[Supplied information]
──────────────────────────────

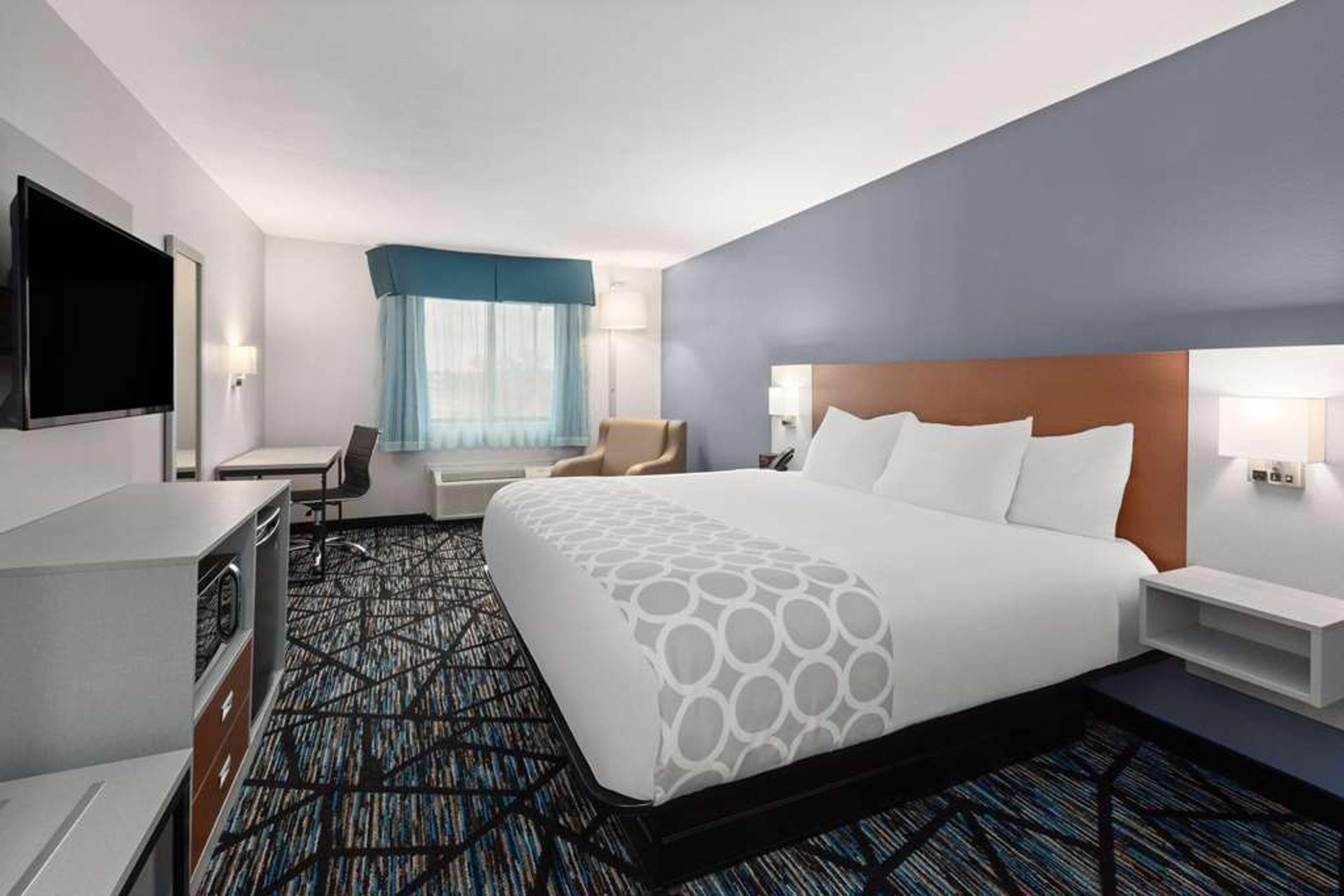 BAYMONT BY WYNDHAM WARRENTON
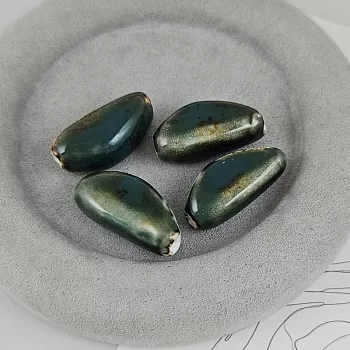 1 шт. Бусина керамическая крупная 31х15х11.7 мм зеленый (9452) купить в Воронеже | Заказать в интернет-магазине Viva Beads
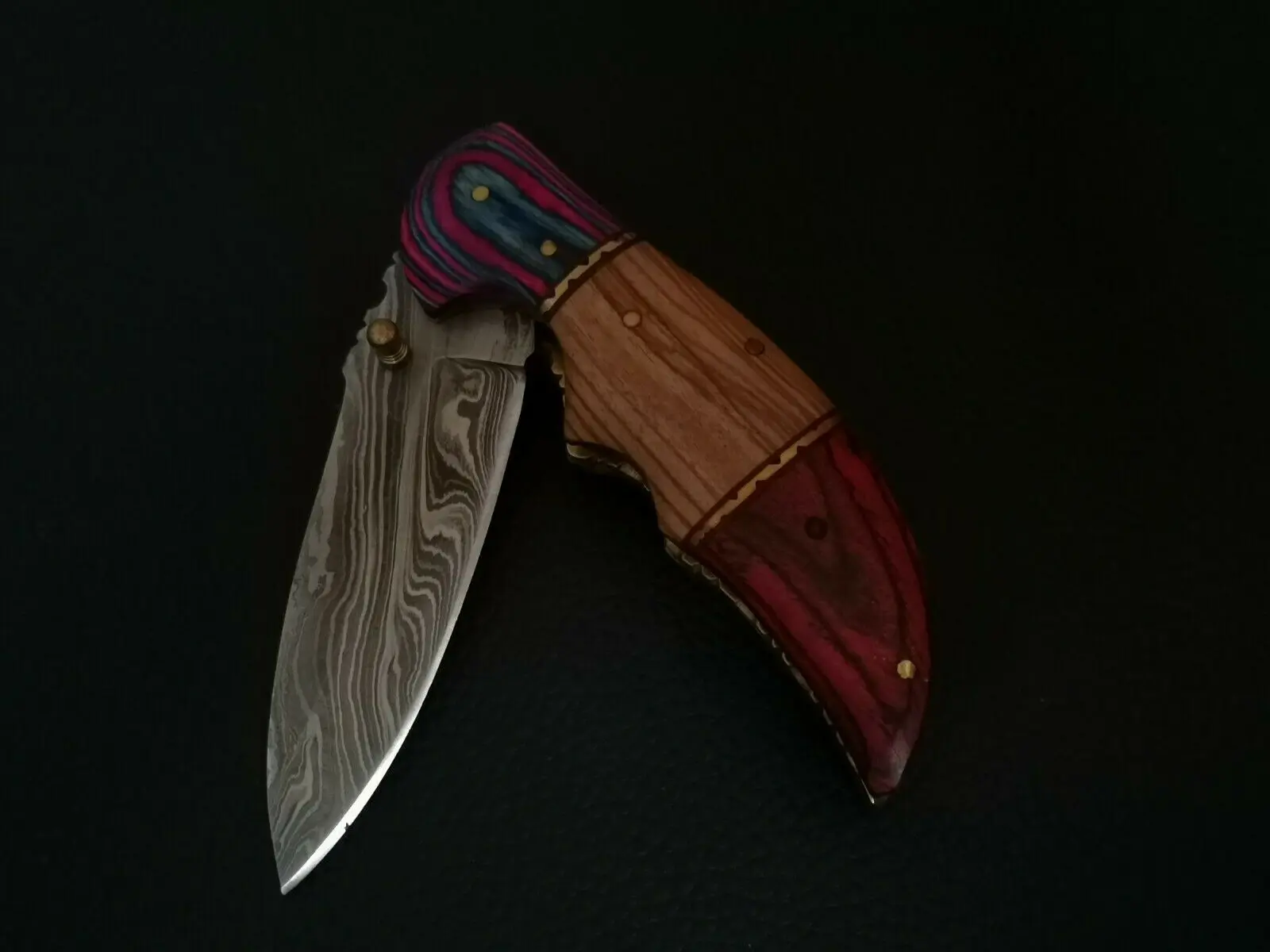 Custom Handmade Damascus Steel Folding Knife  Utility Knife With leather sheath Sharp Edge 2022 Knife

──────────────────────────────

[What the task asks] Any picture in the listing above gets left out; output the rest exactly.

[Your solution]
 BAYMONT BY WYNDHAM WARRENTON
 1 шт. Бусина керамическая крупная 31х15х11.7 мм зеленый (9452) купить в Воронеже | Заказать в интернет-магазине Viva Beads
 Custom Handmade Damascus Steel Folding Knife  Utility Knife With leather sheath Sharp Edge 2022 Knife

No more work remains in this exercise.